Sure,it defies logic, but sadly this is how Android works.


----------



## krishnandu.sarkar (Jun 17, 2012)

Did you perform a full Wipe before restoring Stock ROM..??


----------



## Gauravs90 (Jun 17, 2012)

How can I full wipe it from CW Recovery?


----------



## krishnandu.sarkar (Jun 17, 2012)

Full Wipe means, Wiping Data / Factory Reset, Wiping Cache, Wiping Dalvik Cache.


----------



## Gauravs90 (Jun 17, 2012)

Yes I have done the wiping and restored the backup... but still kernel version is 3.0.8 Which was in older custom rom.. and still tata photon+ didn't worked. Can i install funseries v2 and then restore the origina ROM. Will it help?

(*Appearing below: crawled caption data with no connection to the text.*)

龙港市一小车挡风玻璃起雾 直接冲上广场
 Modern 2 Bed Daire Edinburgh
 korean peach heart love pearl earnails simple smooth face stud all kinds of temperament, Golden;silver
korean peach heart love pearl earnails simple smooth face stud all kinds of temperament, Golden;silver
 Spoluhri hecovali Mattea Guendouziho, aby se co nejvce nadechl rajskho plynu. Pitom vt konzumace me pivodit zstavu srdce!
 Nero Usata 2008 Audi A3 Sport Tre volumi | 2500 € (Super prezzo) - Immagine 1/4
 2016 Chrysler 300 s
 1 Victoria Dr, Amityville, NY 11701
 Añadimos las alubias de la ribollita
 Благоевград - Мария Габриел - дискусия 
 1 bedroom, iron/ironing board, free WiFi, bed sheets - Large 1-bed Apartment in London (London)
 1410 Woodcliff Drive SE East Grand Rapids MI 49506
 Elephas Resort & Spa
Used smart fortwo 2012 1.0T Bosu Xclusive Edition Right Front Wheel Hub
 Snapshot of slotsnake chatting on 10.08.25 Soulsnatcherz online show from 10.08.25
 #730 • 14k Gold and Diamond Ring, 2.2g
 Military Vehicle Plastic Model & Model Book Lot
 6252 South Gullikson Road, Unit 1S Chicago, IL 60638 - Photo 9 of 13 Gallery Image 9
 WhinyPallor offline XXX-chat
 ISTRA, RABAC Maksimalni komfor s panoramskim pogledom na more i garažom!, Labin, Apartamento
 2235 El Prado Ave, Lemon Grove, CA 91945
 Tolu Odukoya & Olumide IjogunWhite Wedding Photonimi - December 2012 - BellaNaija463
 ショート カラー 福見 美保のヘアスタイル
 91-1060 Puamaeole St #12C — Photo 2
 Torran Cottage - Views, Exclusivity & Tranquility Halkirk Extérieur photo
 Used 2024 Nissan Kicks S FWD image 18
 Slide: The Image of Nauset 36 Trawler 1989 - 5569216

My previous custom rom was this...
97F1-D1-H2-H01-N413.20120314

well it's done...thanks

It reverted to the same serial no again and photon+ now dosen't connect after 2nd boot. any help


----------



## krishnandu.sarkar (Jun 17, 2012)

No idea, about Photon+. I don't use dongle.


----------



## red dragon (Jun 18, 2012)

How can the serial number change with a kernel flash?
If it is not fixed with a full wipe,something must have messed the efs!!


----------



## Gauravs90 (Jun 18, 2012)

Here Is the step by step procedure to what i have done with my funbook..

1. Let say it has original stock rom installed in it and it has following shown in about-
model- P300
kernel- 3.0.8 inet 16
build no- 97F1-D1-H2-HO1-MMX

2. I installed cw recovery in the stock rom and made the backup of the stock rom in external memory card.

3. I downloaded the .img file of custom rom (from micromax thread of thinkdigit) and flashed it using livesuit. Now the custom rom is fully working and it has following shown in about.
model- M701C
kernel- 3.0.8+
build no- 97F1-D1-H2-HO1-N413

4. After fiddling with new rom I realised that its not that good, so i wanted to revert back to the stock.

5. To revert back to the stock rom I have to install CW Recovery in custom rom as it was wiped out after flashing.

6.After flashing CW recovery and clearing cache, dalvik cache I restored the stock rom from the backup using CW recovery.

7. Rebooted with stock rom and the model no., kernel, build no. was of stock rom but on second boot these changed to that of custom rom as shown in about.

Don't know what's happening here.....


----------



## red dragon (Jun 19, 2012)

Ok got it!
During flashing the stock via CWM recovery,did you format the system partition in CWM before the install?
I mean,you cleaned up cache,d.c alright,but did you format system partition(As far as I can remember this option is usually present in the advanced folder of CWM recovery)


----------



## Gauravs90 (Jun 19, 2012)

It's present in "Mounts and Storage Menu"... will try it....


----------